Same set of facts – three ways to understand


At its heart, Choh and Kirk’s lawsuit is about the fact that they (and similarly situated students) were not offered athletic scholarships. These facts can be seen through a variety of different lenses:
  • Pay college athletes for their billion-dollar work!” shouts a recent Washington Post editorial. First, the facts can be understood as an employer/employee relationship. Workers do valuable work but don’t get paid. In California, this could constitute a violation of California wage and hour laws if the students are seen as employees and the colleges as employers. It looks like wage theft.
  • Second, these facts might support a violation of privacy rights if, for instance the athlete’s name or image is used to sell tickets or seek alumni donations without that athlete’s permission.

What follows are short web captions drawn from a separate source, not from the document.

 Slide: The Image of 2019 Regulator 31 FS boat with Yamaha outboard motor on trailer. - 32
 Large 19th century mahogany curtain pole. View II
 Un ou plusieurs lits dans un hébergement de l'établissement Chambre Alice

These NIL lawsuits fall within the emerging field of privacy law.
  • Third, these facts can be understood through the lens of antitrust laws, which are generally designed to protect consumers from unfair business practices. Think about the athletes as consumers of education and the schools as big businesses, which are overcharging them based on an anticompetitive agreement among themselves.
Step through door number 3.


NCAA Division I sports are big business


Collegiate sports are big business, especially among the roughly 350 colleges and universities in Division I. The NCAA brings in roughly $1 billion annually from sources that include the sale of television rights for its annual March Madness championship basketball tournament. All told, NCAA Division I schools and conferences, through their own media deals, sponsorship arrangements, ticket sales, and other means, have generated nearly $20 billion in revenue related to athletic competitions.

This money is then re-distributed to the schools. In 2022, for example, the NCAA distributed $625 million to Division I schools, which include the defendants in this lawsuit:  Brown, Harvard, Yale, Princeton and others among the already well-endowed “Ivy League” schools.

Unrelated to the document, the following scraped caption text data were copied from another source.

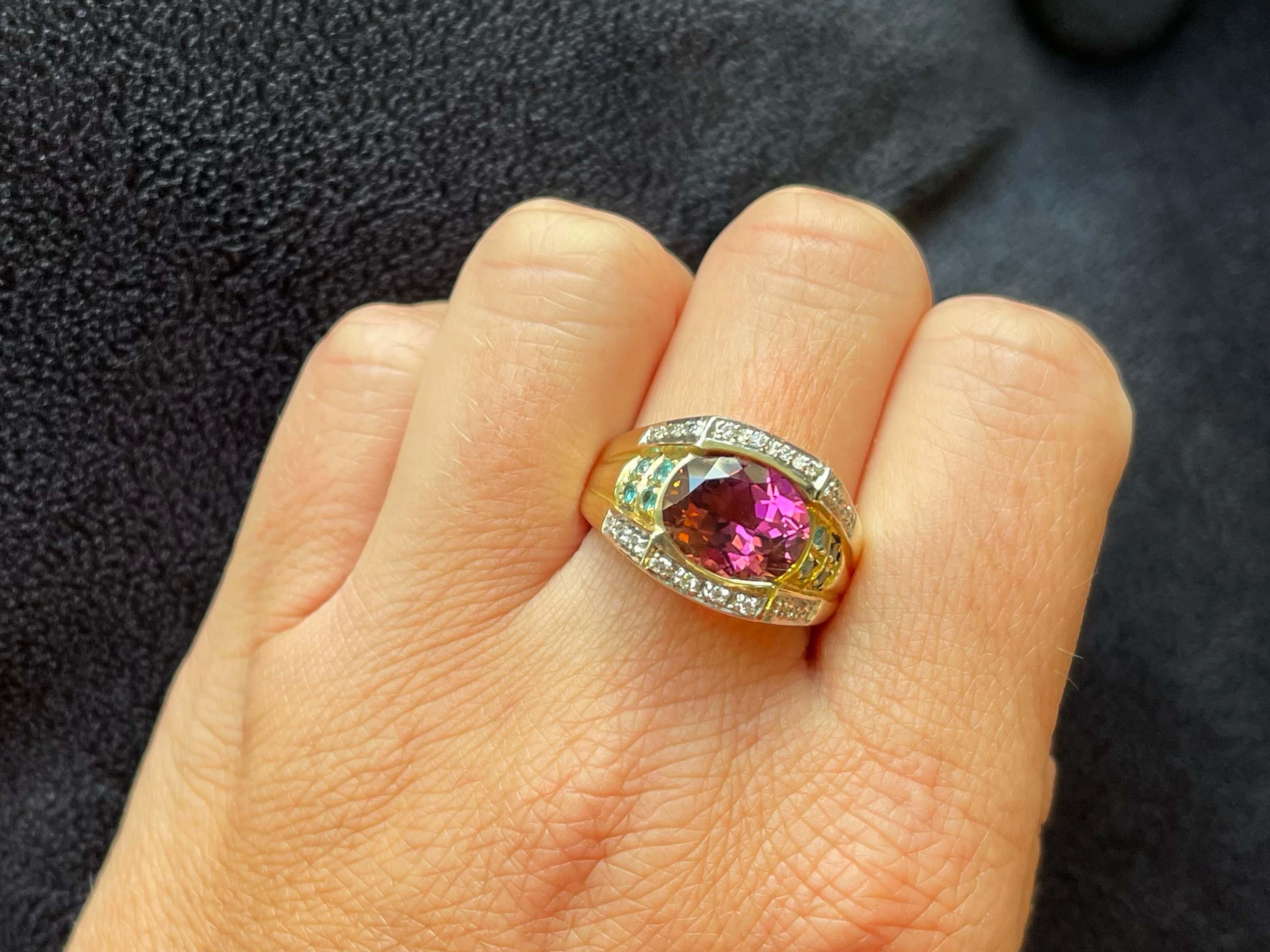 Item Specifications:

Metal: 14K Yellow Gold

Style: Statement Ring

Ring Size: 8.75 (resizing available for a fee)
​
​Ring Height: 13.86 mm

Total Weight: 8.0 Grams

Gemstone Specifications:

Gemstones: 1 Pink rubellite garnet

Garnet Carat Weight:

Nonetheless, according to the Complaint, an agreement among these schools (the “Ivy League Agreement”) not to allow or distribute athletic scholarships or compensate athletes for their performances, is a way to keep tuition high for student-athletes. The Council of Presidents, the Ivy League's governing body, enforces the agreement.

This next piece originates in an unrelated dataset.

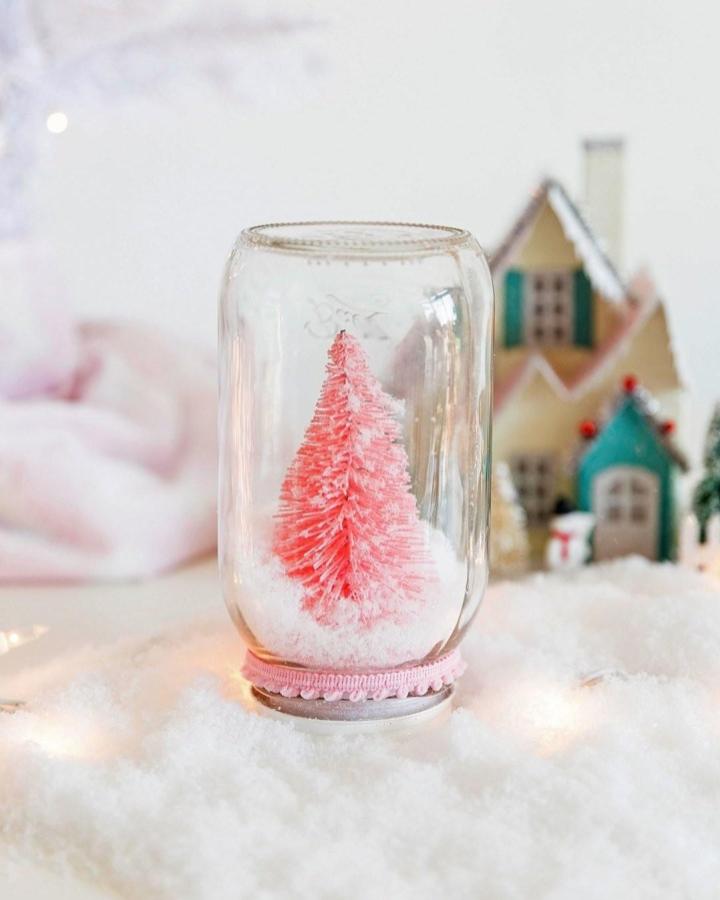 Pink bottle brush tree snow globe craft from @betterhomesandgardens with miniature village backdrop and pearled trim detail.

Choh and Kirk hope to represent more than 10,000 Ivy League student-athletes.


The Sherman Act bans price-fixing


The Sherman Act is the federal antitrust law that prohibits unreasonable restraints of trade, and is enforced by the Department of Justice. Briefly, the text of Section 1 of the law reads:

“Every contract, combination in the form of trust or otherwise, or conspiracy, in restraint of trade or commerce among the several States, or with foreign nations, is declared to be illegal.”

Among the prohibited acts is price-fixing. When determining whether a violation of law has occurred, courts will generally consider whether:
  • the defendants acted contrary to their individual economic interests (e.g., could Brown University otherwise outbid Yale for a particularly talented player); 
  • the defendants had meetings or conversations, i.e., opportunities to agree (the Presidents’ Council appears to have had these opportunities; 
  • the defendants had a motive to collude (lowering the cost of talented players as part of maximizing gain);
  • the defendants engaged in abrupt or unprecedented changes in behavior (the Ivy League Agreement seems to have come into being in 1945 – not recent except perhaps in the long history of Ivy League schools); and 
  • the industry is concentrated with few competitors (The Ivy League is a finite group of schools. The eight participating colleges are Brown University, Columbia University, Cornell University, Dartmouth College, Harvard University, University of Pennsylvania, Princeton University, and Yale University.)
Filed in 2023, the lawsuit is still in its early stages, so there are few tea leaves to read at this point. Nonetheless, Choh may open new avenues of legal redress for student-athletes who believe that they are inadequately compensated for the value they bring to their schools.